Work task
In exact form, set down only those lines of the material that run from its first line to the line with "克莱斯勒300C(进口) 2013款 3.6L 尊适版局部细节13", inclusive.

Supplied records
Segment Open

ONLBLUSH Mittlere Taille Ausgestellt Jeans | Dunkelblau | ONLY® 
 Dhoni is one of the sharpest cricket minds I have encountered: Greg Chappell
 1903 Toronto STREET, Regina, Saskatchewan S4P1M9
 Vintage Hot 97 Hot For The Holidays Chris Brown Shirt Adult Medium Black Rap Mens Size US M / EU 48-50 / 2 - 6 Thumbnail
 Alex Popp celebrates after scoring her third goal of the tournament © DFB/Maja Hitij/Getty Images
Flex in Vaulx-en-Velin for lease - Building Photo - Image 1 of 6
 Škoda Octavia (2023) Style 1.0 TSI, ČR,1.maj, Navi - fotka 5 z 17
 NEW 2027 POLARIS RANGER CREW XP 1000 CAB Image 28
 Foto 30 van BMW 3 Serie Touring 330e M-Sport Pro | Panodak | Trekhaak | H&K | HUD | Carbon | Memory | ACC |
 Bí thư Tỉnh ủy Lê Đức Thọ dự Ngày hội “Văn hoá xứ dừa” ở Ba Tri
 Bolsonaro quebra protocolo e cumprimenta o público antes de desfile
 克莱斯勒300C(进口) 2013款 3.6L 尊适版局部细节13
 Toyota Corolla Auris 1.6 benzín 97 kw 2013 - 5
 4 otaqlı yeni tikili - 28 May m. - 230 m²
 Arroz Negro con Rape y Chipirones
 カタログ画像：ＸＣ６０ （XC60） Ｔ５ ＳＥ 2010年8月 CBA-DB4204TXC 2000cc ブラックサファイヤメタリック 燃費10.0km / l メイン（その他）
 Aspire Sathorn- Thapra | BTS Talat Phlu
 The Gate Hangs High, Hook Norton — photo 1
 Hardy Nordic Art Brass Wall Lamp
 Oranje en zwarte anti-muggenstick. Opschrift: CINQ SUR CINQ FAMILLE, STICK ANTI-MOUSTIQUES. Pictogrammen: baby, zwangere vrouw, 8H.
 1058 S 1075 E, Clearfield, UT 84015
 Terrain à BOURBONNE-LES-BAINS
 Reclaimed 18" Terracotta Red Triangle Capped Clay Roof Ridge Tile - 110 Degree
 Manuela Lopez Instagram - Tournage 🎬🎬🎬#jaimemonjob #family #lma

Segment Closed

Solved exercise
ONLBLUSH Mittlere Taille Ausgestellt Jeans | Dunkelblau | ONLY® 
 Dhoni is one of the sharpest cricket minds I have encountered: Greg Chappell
 1903 Toronto STREET, Regina, Saskatchewan S4P1M9
 Vintage Hot 97 Hot For The Holidays Chris Brown Shirt Adult Medium Black Rap Mens Size US M / EU 48-50 / 2 - 6 Thumbnail
 Alex Popp celebrates after scoring her third goal of the tournament © DFB/Maja Hitij/Getty Images
Flex in Vaulx-en-Velin for lease - Building Photo - Image 1 of 6
 Škoda Octavia (2023) Style 1.0 TSI, ČR,1.maj, Navi - fotka 5 z 17
 NEW 2027 POLARIS RANGER CREW XP 1000 CAB Image 28
 Foto 30 van BMW 3 Serie Touring 330e M-Sport Pro | Panodak | Trekhaak | H&K | HUD | Carbon | Memory | ACC |
 Bí thư Tỉnh ủy Lê Đức Thọ dự Ngày hội “Văn hoá xứ dừa” ở Ba Tri
 Bolsonaro quebra protocolo e cumprimenta o público antes de desfile
 克莱斯勒300C(进口) 2013款 3.6L 尊适版局部细节13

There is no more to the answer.